Saturday, July 24, 2010

Passive Aggressive Googling

Mike follows Shane Jones on Twitter. I don't because I have a thing about following too many famous people. Yet following famous people is pretty much what Twitter is about. You don't exactly get to see or talk to them, but, if they use Twitter right, you can find out that they are nostalgic for Queen or The Spice Girls or Coldplay, that they think timber wolves are the noblest animal, or that they hate the side braid. These are also things you'd probably learn about them if you were actual friends.
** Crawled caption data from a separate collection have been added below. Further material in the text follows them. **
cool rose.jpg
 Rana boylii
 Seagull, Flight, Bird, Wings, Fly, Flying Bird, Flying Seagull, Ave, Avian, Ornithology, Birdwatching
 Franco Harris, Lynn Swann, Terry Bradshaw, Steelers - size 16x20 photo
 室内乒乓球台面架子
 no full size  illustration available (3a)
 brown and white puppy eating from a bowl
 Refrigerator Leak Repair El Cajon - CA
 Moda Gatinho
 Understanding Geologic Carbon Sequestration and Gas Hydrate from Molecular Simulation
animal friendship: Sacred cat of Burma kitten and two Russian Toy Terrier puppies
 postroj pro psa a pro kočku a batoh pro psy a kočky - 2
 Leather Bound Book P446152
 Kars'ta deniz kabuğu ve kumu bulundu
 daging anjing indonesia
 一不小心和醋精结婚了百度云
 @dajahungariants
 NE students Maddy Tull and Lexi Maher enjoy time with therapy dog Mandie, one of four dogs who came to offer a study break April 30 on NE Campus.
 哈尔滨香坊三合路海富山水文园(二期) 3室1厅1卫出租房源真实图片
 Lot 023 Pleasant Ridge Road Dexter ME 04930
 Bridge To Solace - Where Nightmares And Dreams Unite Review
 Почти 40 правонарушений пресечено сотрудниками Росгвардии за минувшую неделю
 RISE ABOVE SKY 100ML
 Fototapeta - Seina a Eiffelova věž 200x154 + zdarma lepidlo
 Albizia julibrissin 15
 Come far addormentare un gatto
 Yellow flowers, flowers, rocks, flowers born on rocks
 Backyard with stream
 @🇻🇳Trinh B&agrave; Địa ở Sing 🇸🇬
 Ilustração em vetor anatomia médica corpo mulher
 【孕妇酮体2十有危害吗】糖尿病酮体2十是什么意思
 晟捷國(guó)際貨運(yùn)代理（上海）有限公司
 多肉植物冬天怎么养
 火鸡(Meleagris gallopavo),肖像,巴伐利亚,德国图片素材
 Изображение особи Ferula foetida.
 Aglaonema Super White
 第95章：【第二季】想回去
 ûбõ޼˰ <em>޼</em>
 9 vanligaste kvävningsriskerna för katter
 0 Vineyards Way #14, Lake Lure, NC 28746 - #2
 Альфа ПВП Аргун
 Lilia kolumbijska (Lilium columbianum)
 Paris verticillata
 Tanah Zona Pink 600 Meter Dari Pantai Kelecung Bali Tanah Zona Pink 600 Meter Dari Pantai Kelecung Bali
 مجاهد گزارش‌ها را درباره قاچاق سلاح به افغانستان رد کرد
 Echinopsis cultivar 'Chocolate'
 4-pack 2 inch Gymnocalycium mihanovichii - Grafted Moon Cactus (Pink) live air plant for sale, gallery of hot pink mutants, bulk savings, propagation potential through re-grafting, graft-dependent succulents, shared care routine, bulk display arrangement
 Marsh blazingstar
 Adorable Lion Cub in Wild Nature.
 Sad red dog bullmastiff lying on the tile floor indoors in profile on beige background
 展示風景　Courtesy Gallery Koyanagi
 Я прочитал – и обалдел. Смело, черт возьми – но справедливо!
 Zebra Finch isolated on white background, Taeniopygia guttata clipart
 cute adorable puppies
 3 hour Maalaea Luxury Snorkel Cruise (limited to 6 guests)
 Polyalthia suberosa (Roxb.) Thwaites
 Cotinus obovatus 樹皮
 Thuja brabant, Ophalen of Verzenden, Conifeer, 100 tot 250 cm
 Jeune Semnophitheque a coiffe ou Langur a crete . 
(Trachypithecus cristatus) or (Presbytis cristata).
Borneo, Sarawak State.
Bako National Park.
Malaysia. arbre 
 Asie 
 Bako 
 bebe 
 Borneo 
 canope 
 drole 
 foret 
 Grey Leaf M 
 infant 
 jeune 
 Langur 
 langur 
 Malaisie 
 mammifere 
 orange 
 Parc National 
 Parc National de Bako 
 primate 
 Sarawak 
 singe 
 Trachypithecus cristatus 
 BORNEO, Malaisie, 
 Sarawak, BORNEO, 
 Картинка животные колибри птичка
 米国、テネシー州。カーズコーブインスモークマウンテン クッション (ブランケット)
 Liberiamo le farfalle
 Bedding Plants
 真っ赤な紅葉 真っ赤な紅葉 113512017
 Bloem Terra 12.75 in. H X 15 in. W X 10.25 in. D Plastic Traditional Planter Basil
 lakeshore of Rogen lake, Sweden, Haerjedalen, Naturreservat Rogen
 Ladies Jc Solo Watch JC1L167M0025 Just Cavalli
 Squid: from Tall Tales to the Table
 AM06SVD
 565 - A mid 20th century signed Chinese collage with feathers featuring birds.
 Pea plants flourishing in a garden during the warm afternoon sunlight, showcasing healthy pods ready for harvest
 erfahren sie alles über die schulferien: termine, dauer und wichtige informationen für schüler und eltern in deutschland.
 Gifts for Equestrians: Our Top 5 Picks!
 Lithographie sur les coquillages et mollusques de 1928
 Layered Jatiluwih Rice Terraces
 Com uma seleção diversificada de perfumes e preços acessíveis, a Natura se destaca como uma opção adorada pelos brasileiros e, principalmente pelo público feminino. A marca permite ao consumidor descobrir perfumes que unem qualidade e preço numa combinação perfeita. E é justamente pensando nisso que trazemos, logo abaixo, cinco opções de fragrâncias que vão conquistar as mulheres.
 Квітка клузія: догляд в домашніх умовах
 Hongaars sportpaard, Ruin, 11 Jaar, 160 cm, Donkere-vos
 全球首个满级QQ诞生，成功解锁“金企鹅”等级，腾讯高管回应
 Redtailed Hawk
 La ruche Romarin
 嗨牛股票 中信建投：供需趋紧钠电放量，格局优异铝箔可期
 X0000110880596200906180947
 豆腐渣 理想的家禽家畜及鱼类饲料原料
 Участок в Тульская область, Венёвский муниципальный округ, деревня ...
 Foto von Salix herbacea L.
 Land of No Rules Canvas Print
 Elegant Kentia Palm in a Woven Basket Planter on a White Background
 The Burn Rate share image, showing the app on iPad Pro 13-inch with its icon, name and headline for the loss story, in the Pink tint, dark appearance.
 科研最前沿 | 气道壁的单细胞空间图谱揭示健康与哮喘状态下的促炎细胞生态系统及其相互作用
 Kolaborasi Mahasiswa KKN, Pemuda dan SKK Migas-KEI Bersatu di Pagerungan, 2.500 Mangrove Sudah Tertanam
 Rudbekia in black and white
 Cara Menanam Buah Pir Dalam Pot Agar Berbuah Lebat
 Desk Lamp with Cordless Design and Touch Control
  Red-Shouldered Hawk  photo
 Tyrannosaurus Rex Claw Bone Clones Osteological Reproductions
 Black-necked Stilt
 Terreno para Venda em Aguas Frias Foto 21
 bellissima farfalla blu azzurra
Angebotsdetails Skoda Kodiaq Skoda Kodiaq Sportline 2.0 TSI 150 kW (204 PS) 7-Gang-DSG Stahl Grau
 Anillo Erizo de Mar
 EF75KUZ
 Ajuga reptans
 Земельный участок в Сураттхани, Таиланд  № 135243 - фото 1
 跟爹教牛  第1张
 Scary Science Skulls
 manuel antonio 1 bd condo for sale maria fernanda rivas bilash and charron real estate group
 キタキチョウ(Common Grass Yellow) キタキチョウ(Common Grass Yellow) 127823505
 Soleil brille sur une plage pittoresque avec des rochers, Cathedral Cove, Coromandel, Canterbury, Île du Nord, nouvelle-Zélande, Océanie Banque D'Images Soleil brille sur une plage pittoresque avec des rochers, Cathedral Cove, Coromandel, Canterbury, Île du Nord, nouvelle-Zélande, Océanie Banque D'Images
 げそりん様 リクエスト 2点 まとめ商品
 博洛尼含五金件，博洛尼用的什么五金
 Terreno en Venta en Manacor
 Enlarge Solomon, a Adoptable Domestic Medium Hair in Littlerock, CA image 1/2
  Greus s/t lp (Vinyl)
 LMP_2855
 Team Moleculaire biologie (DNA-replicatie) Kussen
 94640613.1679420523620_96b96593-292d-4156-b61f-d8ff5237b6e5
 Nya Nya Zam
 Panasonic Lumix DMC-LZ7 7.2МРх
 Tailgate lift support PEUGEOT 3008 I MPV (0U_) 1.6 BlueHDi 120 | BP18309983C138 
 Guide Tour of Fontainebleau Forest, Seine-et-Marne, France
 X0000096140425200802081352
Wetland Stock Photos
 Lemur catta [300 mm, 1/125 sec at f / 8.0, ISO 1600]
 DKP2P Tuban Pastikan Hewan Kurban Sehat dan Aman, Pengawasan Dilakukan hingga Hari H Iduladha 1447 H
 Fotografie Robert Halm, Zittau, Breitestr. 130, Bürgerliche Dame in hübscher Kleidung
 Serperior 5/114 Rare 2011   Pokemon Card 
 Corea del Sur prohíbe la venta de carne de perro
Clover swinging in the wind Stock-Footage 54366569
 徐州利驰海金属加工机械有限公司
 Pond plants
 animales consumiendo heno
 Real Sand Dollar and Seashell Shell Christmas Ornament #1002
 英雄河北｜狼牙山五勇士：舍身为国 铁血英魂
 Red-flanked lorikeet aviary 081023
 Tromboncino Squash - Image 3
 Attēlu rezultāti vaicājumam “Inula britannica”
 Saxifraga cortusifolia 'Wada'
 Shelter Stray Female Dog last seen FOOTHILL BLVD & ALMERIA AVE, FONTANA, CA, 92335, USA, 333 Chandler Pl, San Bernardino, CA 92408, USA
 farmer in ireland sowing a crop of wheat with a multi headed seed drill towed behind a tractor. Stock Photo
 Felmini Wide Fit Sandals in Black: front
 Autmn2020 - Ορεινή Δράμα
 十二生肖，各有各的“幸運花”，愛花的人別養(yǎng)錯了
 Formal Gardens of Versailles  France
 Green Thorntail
It's highly similar to hanging around a person in real life, but they don't (usually) know you're doing it, and they don't have to hear back about it from you unless they want to.

Anyway, Shane Jones tweeted the following:

On train. Almost googled if I had soup in cabinet back home.

Mike was privy to this; I was not. Mike shared it with me. Now we both know. Mike has never done or considered this peculiar usage of Google.

I absolutely have.


Google is about knowing things, right? Google is about filling gaps in one's knowledge as soon as those gaps appear. This is conventionally, it seems, the "right" way to use Google, just as there is a "right" way to use Twitter, a way that, to other users, makes you appear to be a native to the form. There's codes: RT, FF, HT. There's a way to use hashtags if you're serious and a way to use hashtags ironically. There's even a peculiar way of leaving off final punctuation to achieve a particular tone, often a breathless tone, as if to say you had to finish this tweet but you ran out of characters. As if there's more to be said--usually about something about which there is exactly 140 characters to be said. Likewise, good Googlers not only use Google as an encyclopedia ("Who is COREY FELDMAN? I'd like to know more about AFRICAN BUFFALO.") but as a more targeted researcher ("AFRICAN BUFFALO KILLED 2009"), a troubleshooter ("TOSHIBA NB205 HIBERNATES TOO FAST"), a how-to guide ("CHANGE TAILLIGHT BUICK CENTURY 2003"), and a dictionary ("Cory Feldman." Did you mean: COREY Feldman?) Using Google to fill in these knowledge gaps is so intuitive to most of us that there's a site to help (and shame) people who don't seem to understand the ease and breadth of Googling. (How does Google work?)

But, as Shane Jones' post indicates, there's other ways and other reasons we might want to know something. And as Google becomes the primary way we expect to extend our knowledge, it's only natural that we start to Google things that provide these forms and functions of knowledge. In Shane's case, we see knowledge having the power to remind one of things once known, to help one plan, to reassure. Do I have soup at home? I'd like to know. And Google has rarely failed me when there were things I wanted to know in the past.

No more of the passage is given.